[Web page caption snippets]
--- START ---

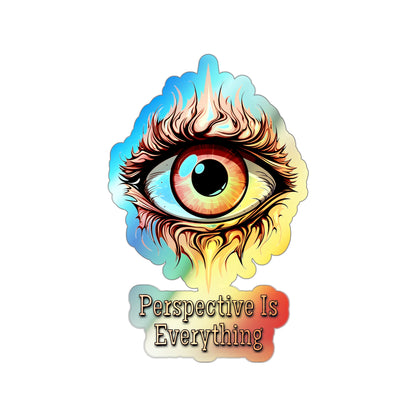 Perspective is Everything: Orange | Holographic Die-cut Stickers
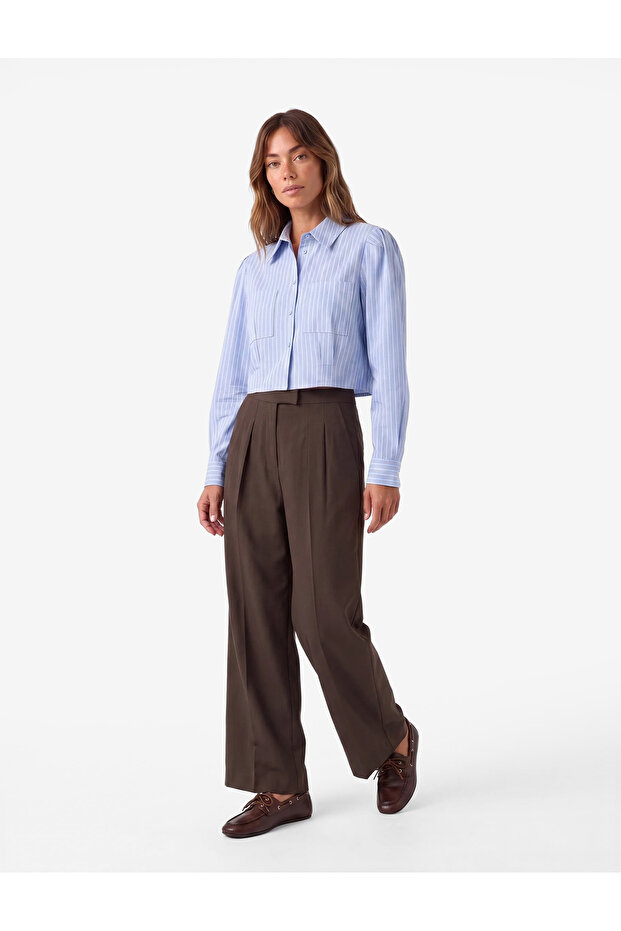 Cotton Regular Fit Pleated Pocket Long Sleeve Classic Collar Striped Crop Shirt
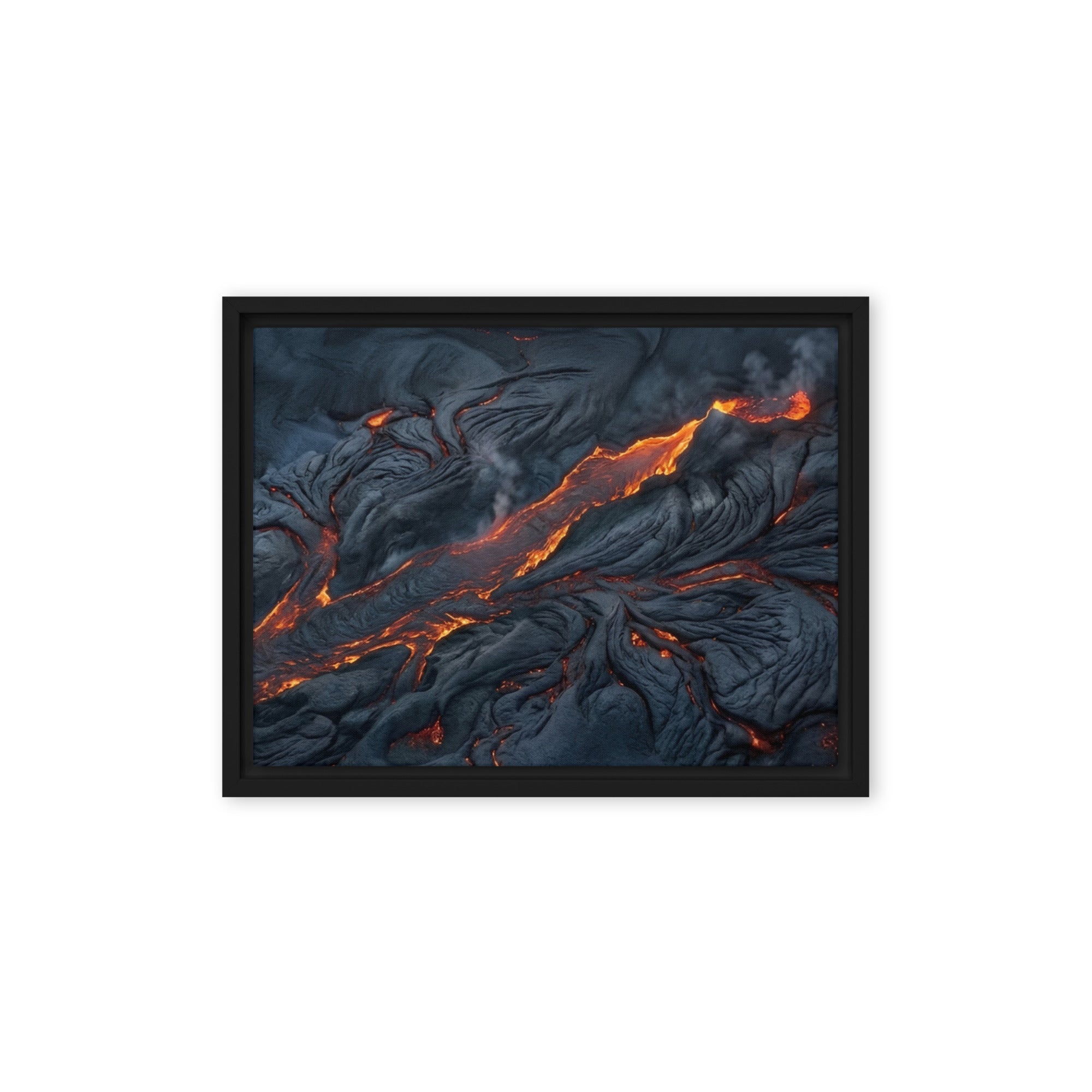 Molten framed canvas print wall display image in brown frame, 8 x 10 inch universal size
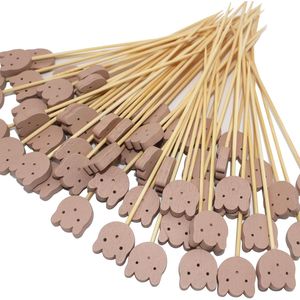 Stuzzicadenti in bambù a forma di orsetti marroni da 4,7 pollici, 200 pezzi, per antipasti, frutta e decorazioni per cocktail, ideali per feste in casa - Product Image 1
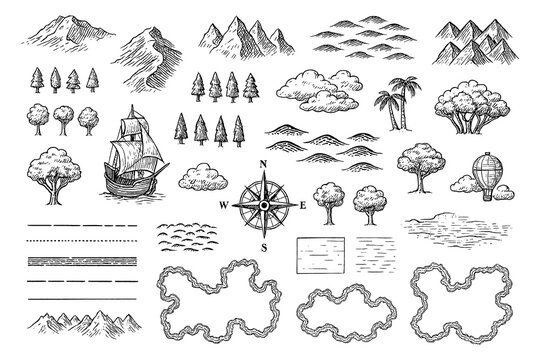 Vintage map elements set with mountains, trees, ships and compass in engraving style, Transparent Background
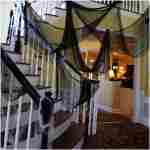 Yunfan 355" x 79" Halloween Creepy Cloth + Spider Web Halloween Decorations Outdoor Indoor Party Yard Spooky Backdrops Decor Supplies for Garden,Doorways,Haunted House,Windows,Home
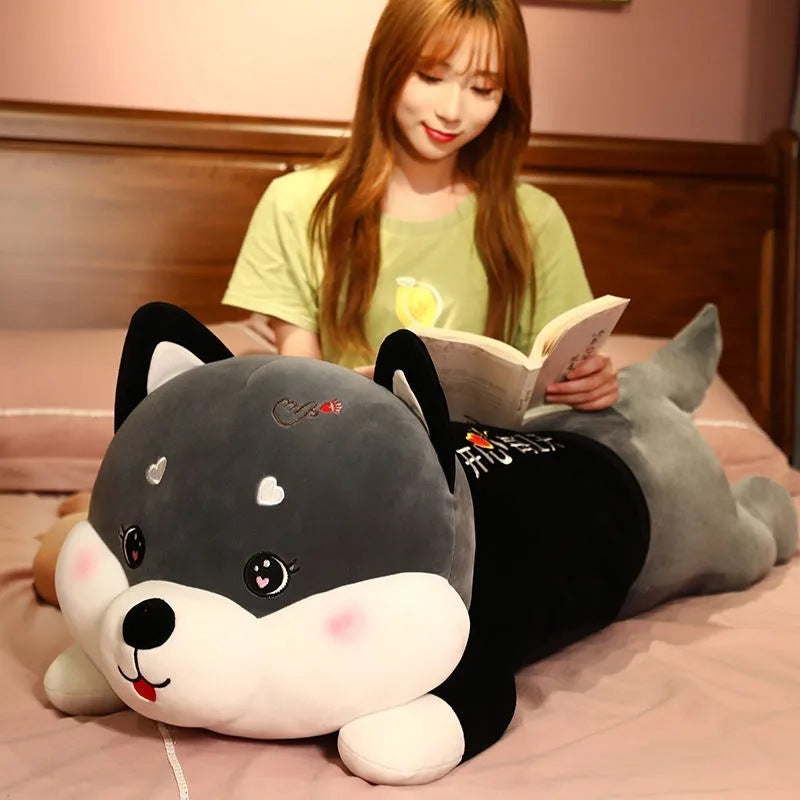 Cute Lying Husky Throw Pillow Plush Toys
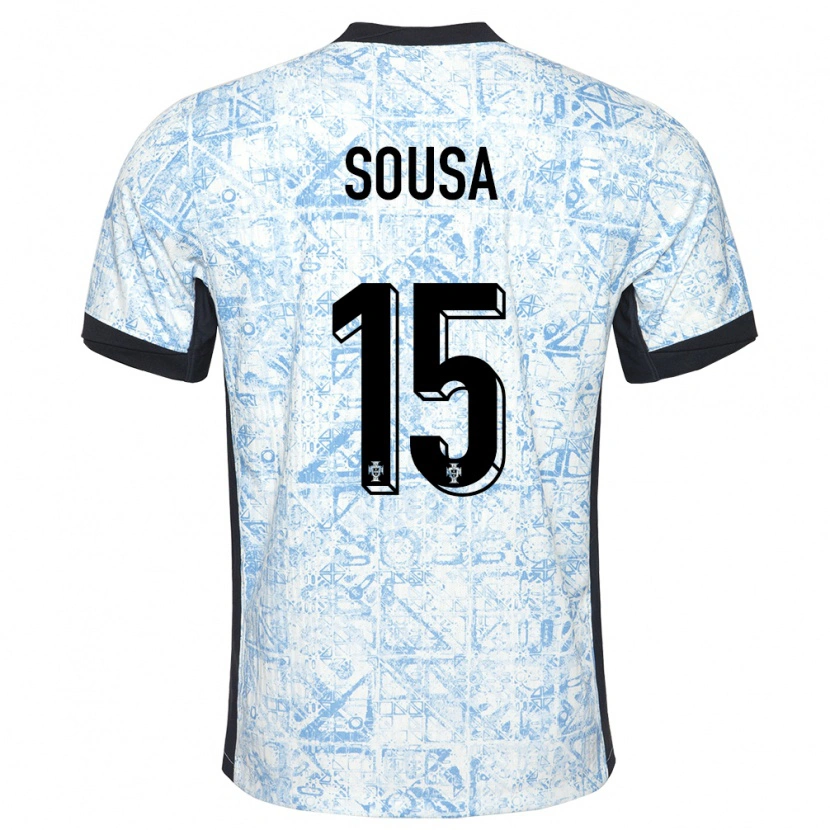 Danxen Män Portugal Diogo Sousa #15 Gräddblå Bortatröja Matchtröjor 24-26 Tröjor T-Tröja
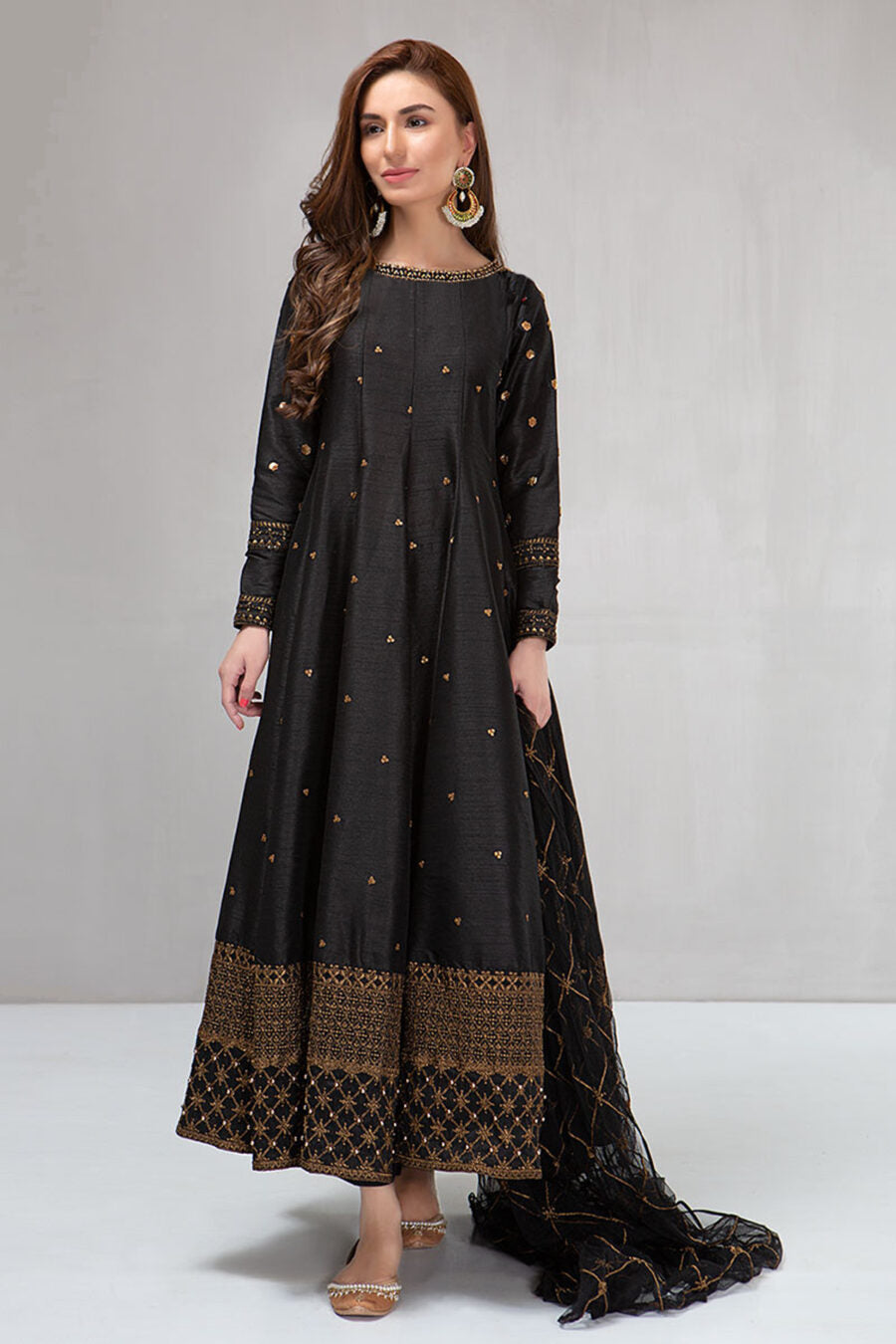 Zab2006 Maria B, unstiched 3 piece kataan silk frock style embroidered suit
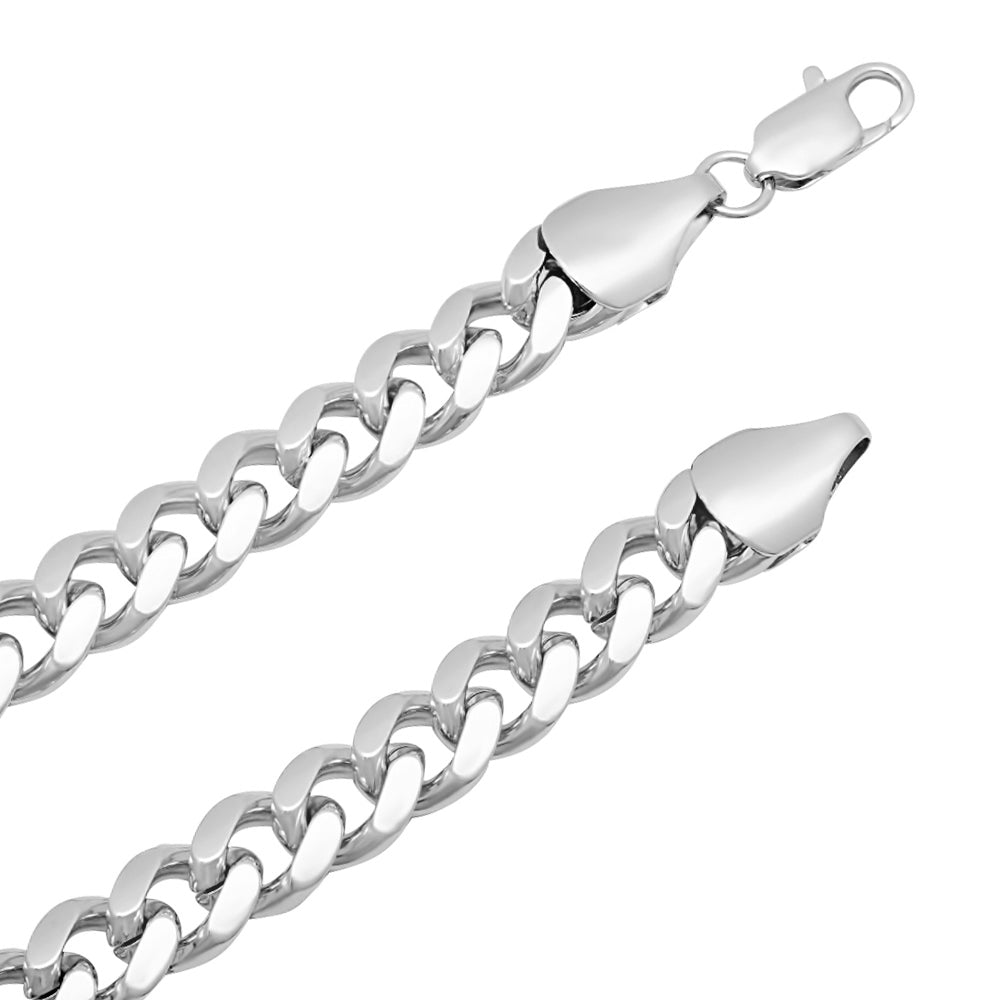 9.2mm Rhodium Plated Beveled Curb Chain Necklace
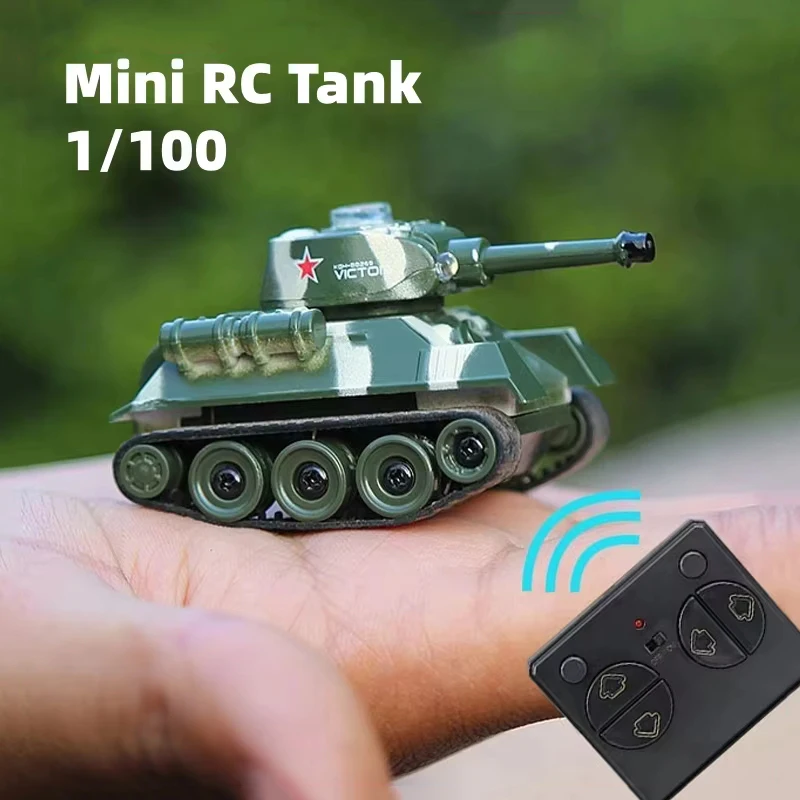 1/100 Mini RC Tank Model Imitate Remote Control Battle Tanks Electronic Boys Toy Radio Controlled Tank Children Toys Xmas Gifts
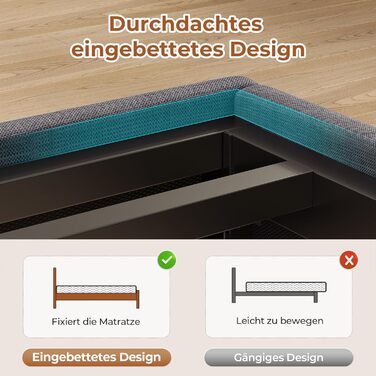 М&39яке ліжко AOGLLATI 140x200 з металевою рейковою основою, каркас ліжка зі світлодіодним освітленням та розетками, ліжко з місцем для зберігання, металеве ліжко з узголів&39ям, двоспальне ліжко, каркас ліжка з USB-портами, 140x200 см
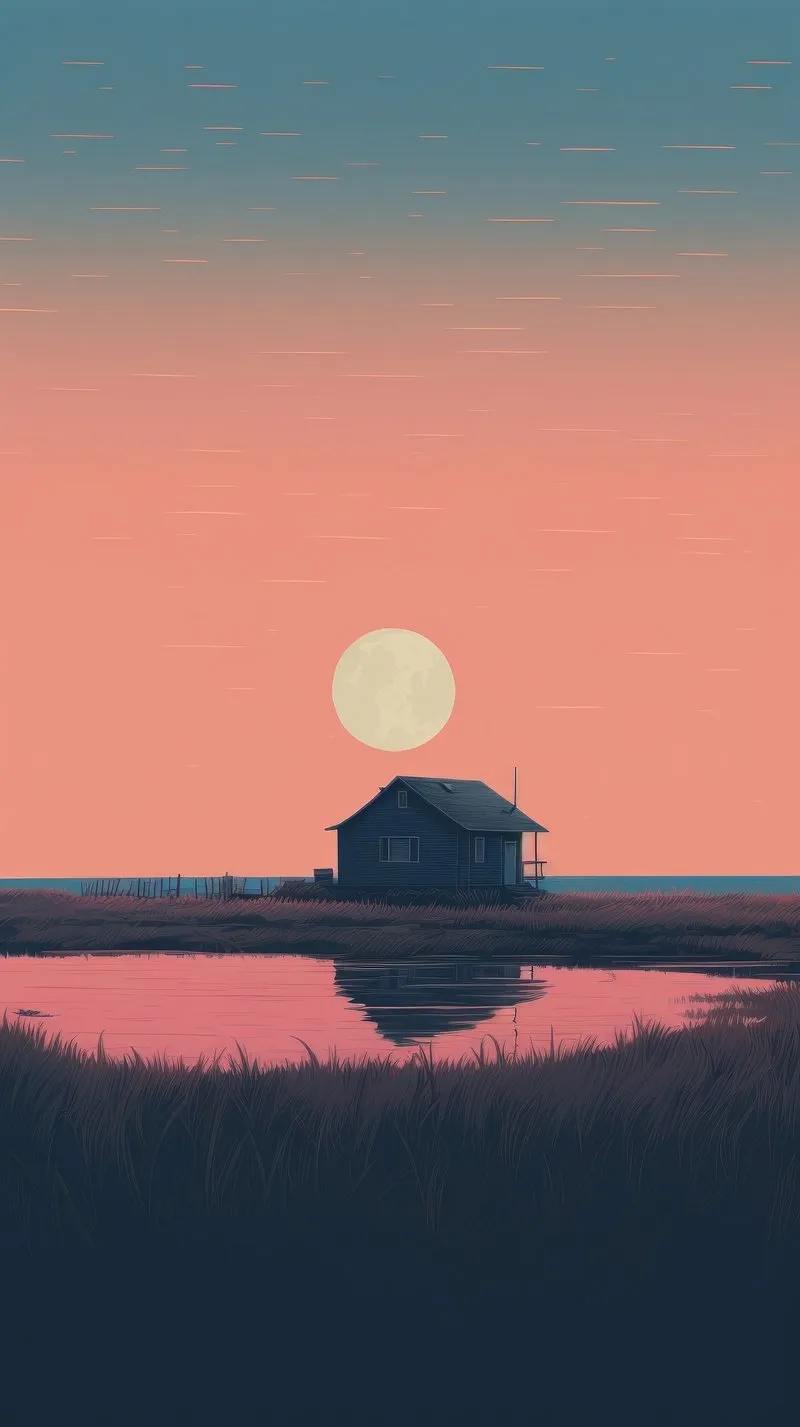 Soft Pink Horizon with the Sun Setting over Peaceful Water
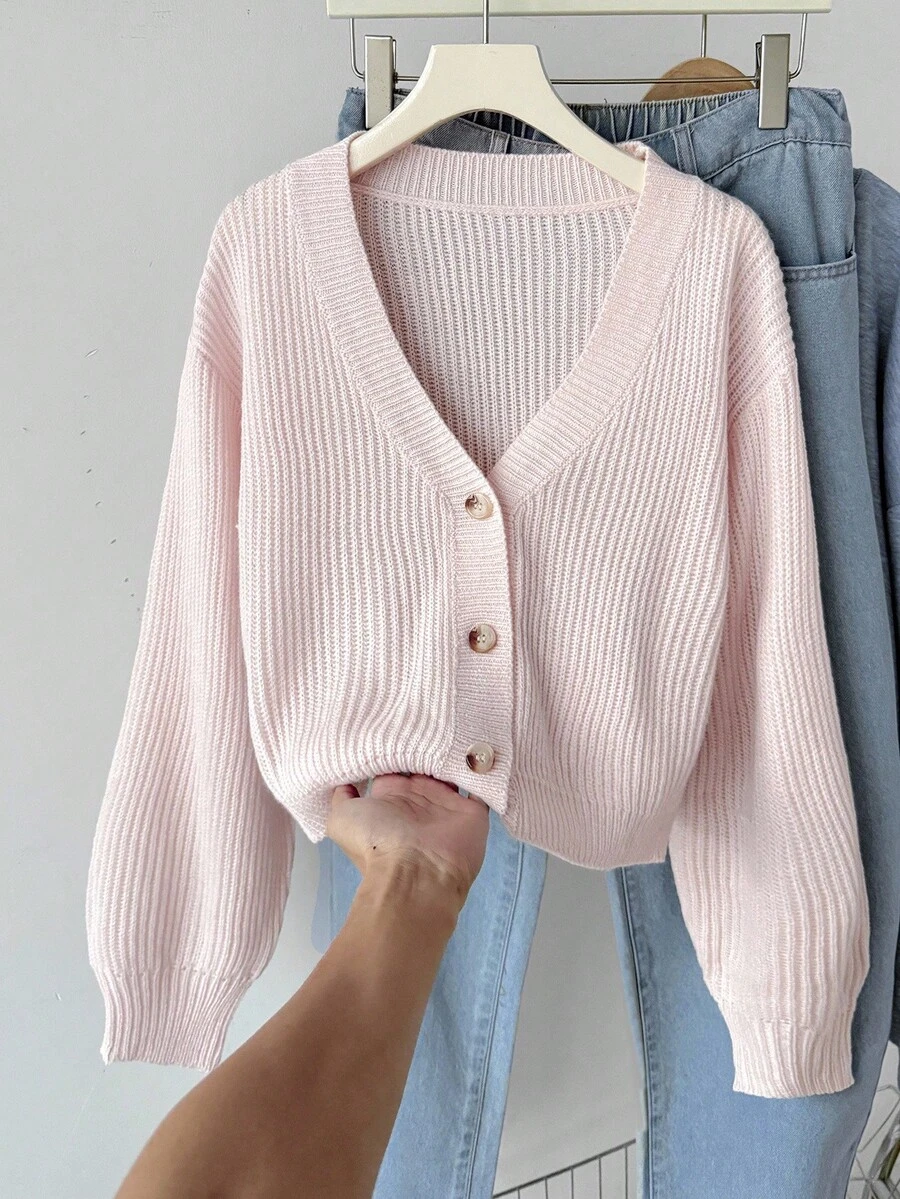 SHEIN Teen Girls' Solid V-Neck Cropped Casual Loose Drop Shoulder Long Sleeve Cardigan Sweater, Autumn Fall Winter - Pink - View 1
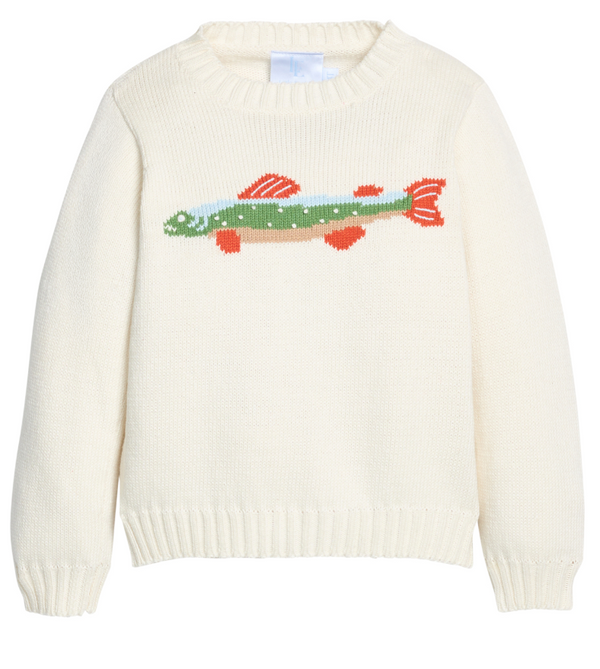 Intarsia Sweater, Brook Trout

--- END ---

**Exercise directions**
Although pictures appear among the entries, please set down only the lines from the one with "for Garden,Doorways,Haunted House,Windows,Home" up to and including the one with "1/100 Mini RC", word for word.

**Answer box**
 Yunfan 355" x 79" Halloween Creepy Cloth + Spider Web Halloween Decorations Outdoor Indoor Party Yard Spooky Backdrops Decor Supplies for Garden,Doorways,Haunted House,Windows,Home
 Cute Lying Husky Throw Pillow Plush Toys
 Danxen Män Portugal Diogo Sousa #15 Gräddblå Bortatröja Matchtröjor 24-26 Tröjor T-Tröja
 Zab2006 Maria B, unstiched 3 piece kataan silk frock style embroidered suit
 9.2mm Rhodium Plated Beveled Curb Chain Necklace
 1/100 Mini RC Tank Model Imitate Remote Control Battle Tanks Electronic Boys Toy Radio Controlled Tank Children Toys Xmas Gifts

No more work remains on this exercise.